Ten budget restaurants in Córdoba worth knowing about, starting with Bar Santos — where a wedge of the most famous tortilla in the city costs €2 and the counter is two minutes from the Mezquita. The list covers the full range: a €10 menú del día at El Astronauta on Calle Diario de Córdoba, a Syrian family kitchen on Calle Lucano where a full meal with fresh juice runs €12 to €20, and neighbourhood tabernas in the patio quarter where locals eat at prices the Judería tourist circuit never matches.
The structural reason Córdoba is good for budget eating is the menú del día: a two- or three-course set lunch with drink, typically €12 to €15, available in almost every sit-down restaurant between 1pm and 3:30pm. The custom traces back to the 1964 franquist decree requiring restaurants to offer an affordable workers' meal. The result, half a century later, is a citywide institution that happens to be the best deal in Spanish dining. Every restaurant in this guide participates in some version of it. The same kitchen, the same food, at lunch prices that bear no relation to the evening à la carte.
This is worth stating plainly: several places on this list have dinner prices that stretch to €25 or €30 per person.

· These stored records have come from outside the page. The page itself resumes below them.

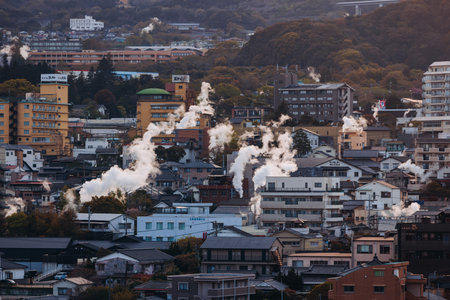 Beppu, Japan, city panorama skyline, Kannawa onsen distict, Oita prefecture, Kyushu island region,, Yukemuri observation deck, rising hot steam from onsen ryokan bath houses, Beppu resort hot springsの写真素材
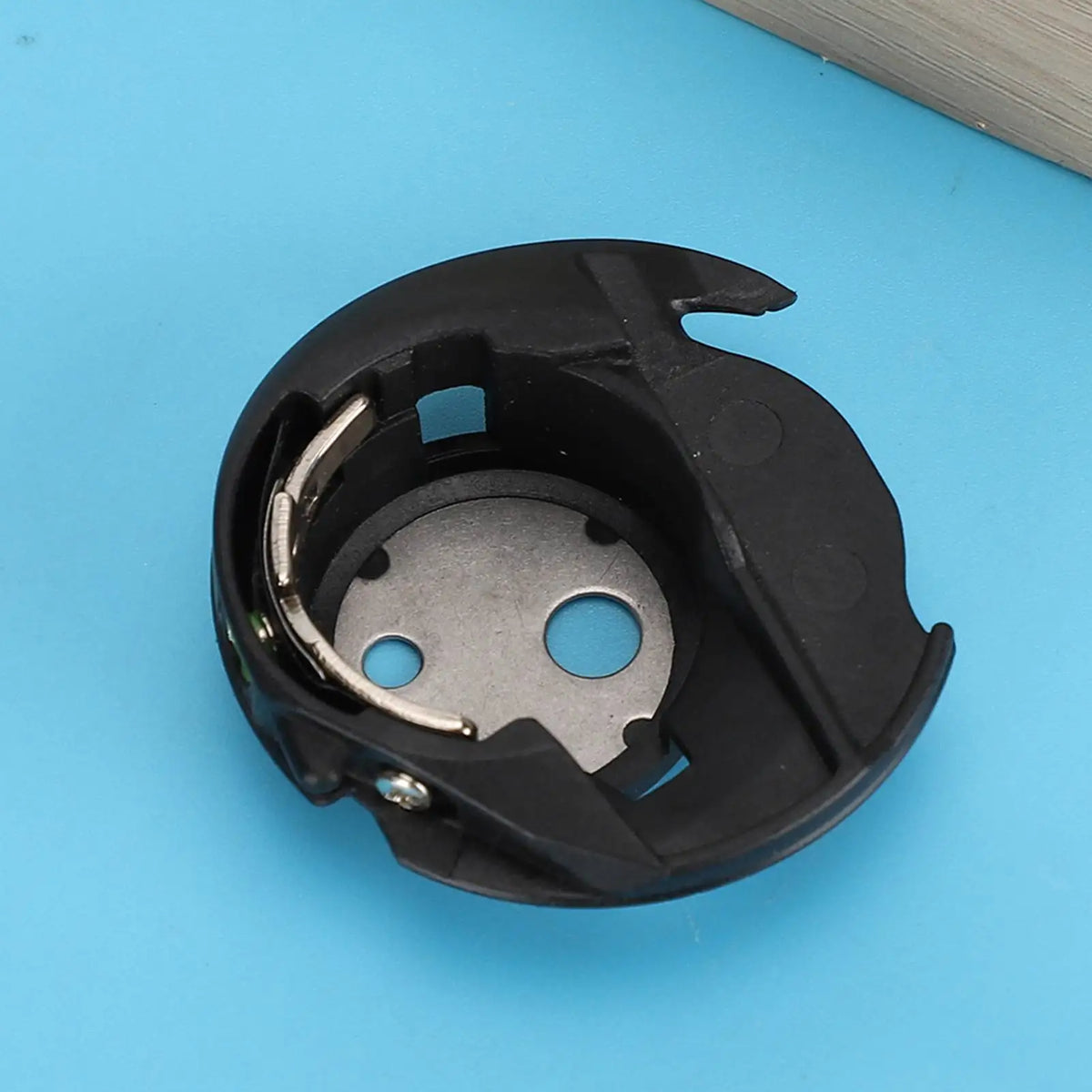 Janome Bobbin Case #3152221 – Rotating Hook Shuttle Shell Bobbin Case Qme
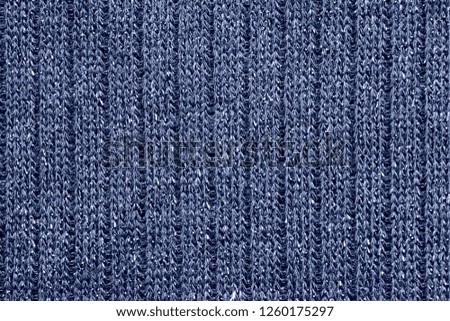 Dark blue knitted synthetic texture closeup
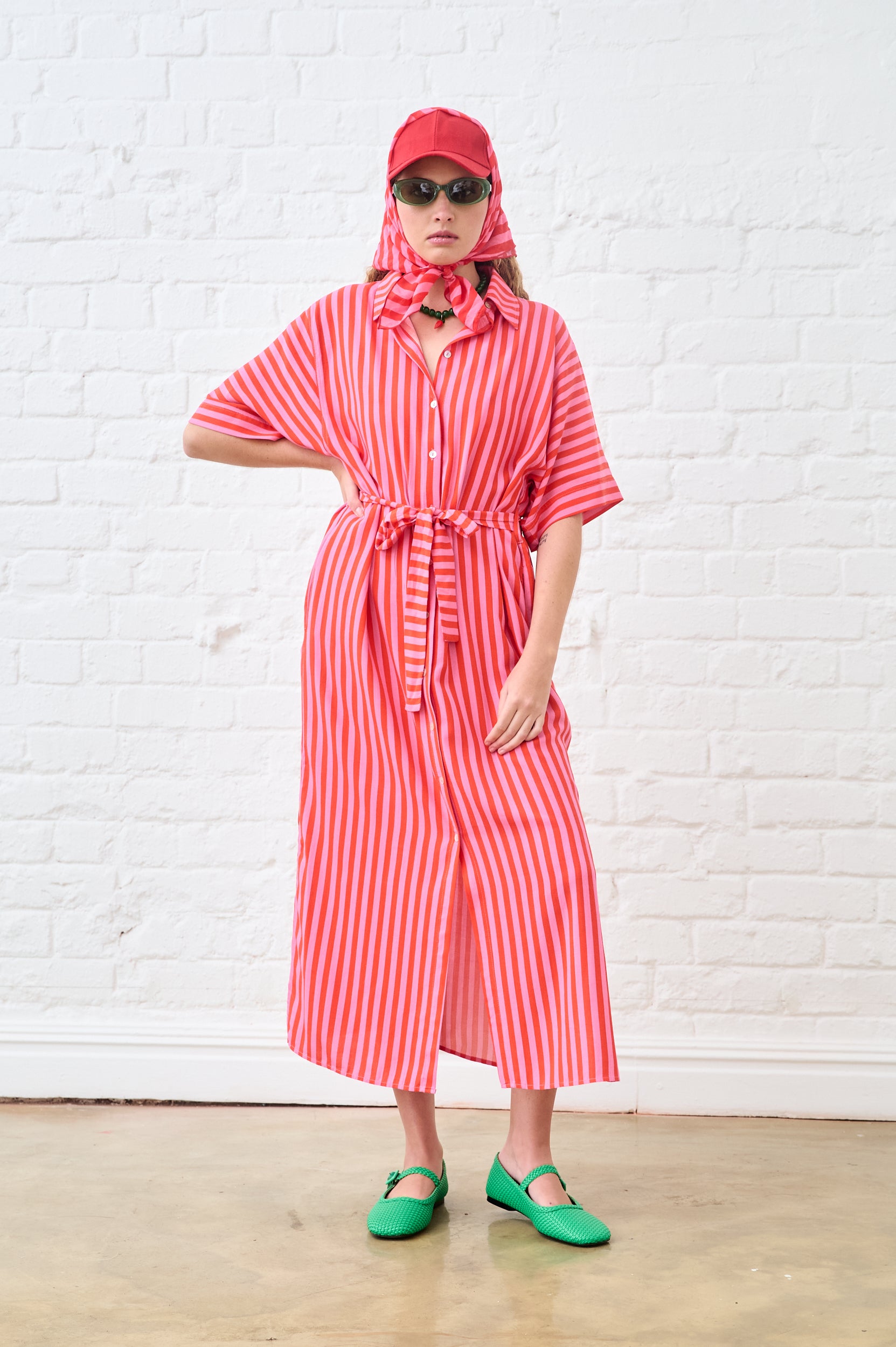 Person wearing a red and white striped dress with a matching headscarf against a white brick wall.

At lunch, with the menú del día, the same kitchen costs half that. La Fuente 12, El Rincón de Carmen, and Bodegas Mezquita all fall into this category. The budget approach here is timing, not lowering your expectations.
The streets around the Mezquita are thick with tourist menus at €12 to €18 that offer something approximating gazpacho and paella. You can eat much better for the same money — or less — ten minutes on foot from the main entrance. Bar Santos is the proof: it has been there since 1966, charges €2 to €3 for the best tortilla in the city, and accepts cash only. The tourists photograph the counter; the regulars order without looking up.